I don’t want to sound too pessimistic, because I know practically nothing about the details of how over 1 trillion gallons of water are distributed around New Mexico each year (most of it to rural regions for irrigation). As with so many other aspects of EPS, there’s no substitute for domain expertise.
Time Scale For Water Delivery
1.14 billions of water can’t be moved all at once. The water will initially be delivered to the lower storage field, which in virtually every case will be flatter, more spacious, closer to roads, and easier to build on. When construction starts, deployment of lower storage bags should be highest priority (with other work proceeding in parallel). As soon as a bag is in place, and attached to at least the beginnings of a distribution piping system, it becomes available to hold water. We can bring in water at a steady pace as the site is built, and by the time it’s ready to operate, it will be also be fully loaded with water.

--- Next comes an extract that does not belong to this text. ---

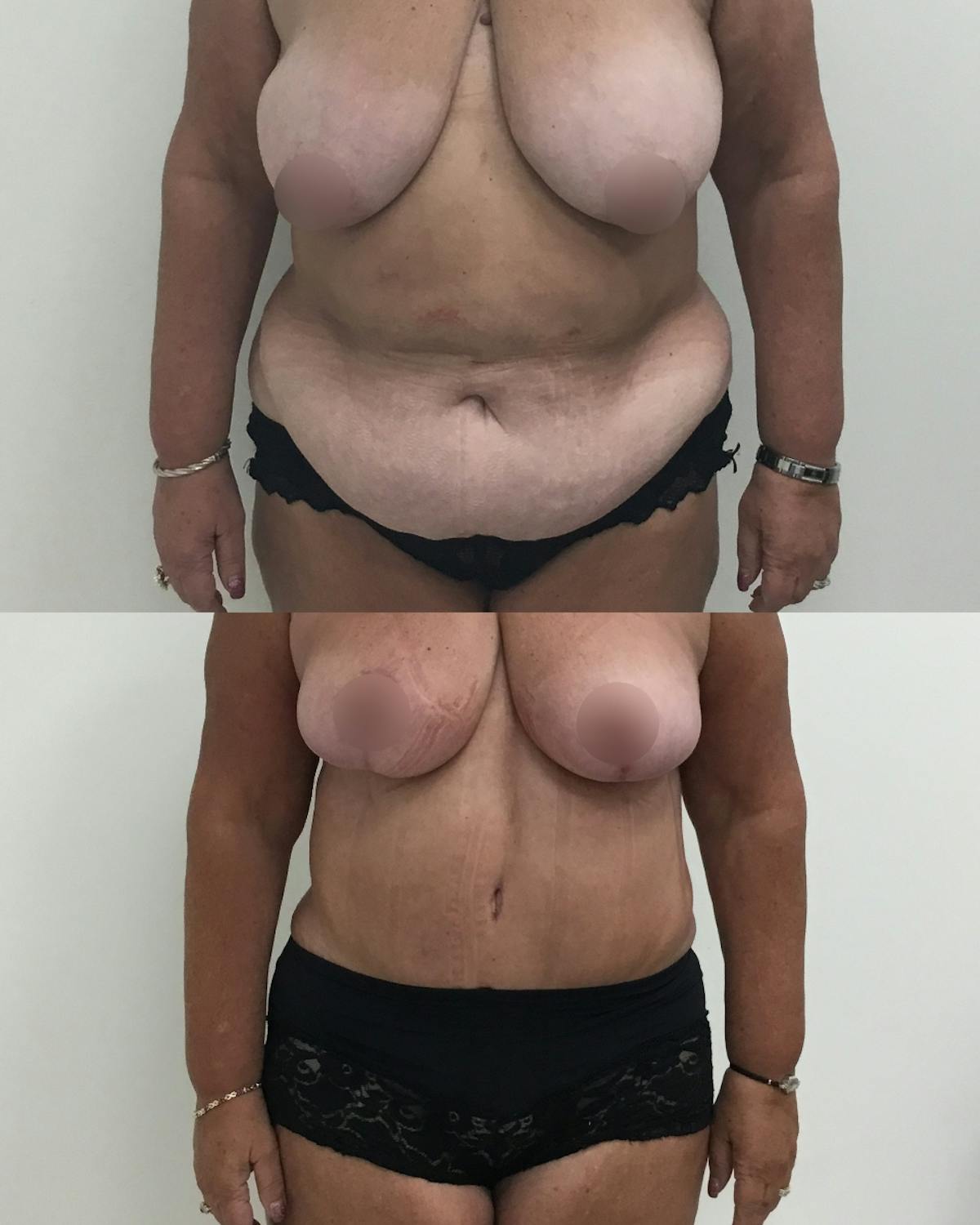 Tummy Tuck Before & After Gallery - Patient 291777 - Image 1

If we allow six months for this phase, with 1,000 bags to deploy and fill, we need to fill an average of 5.5 bags per day. The equivalent rate of water flowing into the site, around the clock, would be 260,000 gallons per hour, or 4,340 gallons per minute, or 9.7 cubic feet per second. With one or more wells located at or near the site, this seems achievable.
Can EPS Run On Hot Water?
Water in bags in the desert will get hot at times, as discussed in the previous post. Assuming the bags themselves can tolerate the high temperatures, what effect will hotter water have on the operation of the turbines and pumps?
This research paper7 studies the effect of water temperature on pump performance. The results are not too surprising. In Part 6 of this series I discussed cavitation, a pump-damaging effect that happens when water entering the pump forms vapor bubbles. The cure is to place the pumps at a lower elevation than the lower storage bags, to keep them under positive pressure. When the water is hot, it’s closer to its boiling point, and so its tendency to form vapor bubbles will be increased. That means it will take more positive pressure to protect the pumps than when the water is cold. This will have to be taken into account during the design process, when specifying the elevation for the pumps.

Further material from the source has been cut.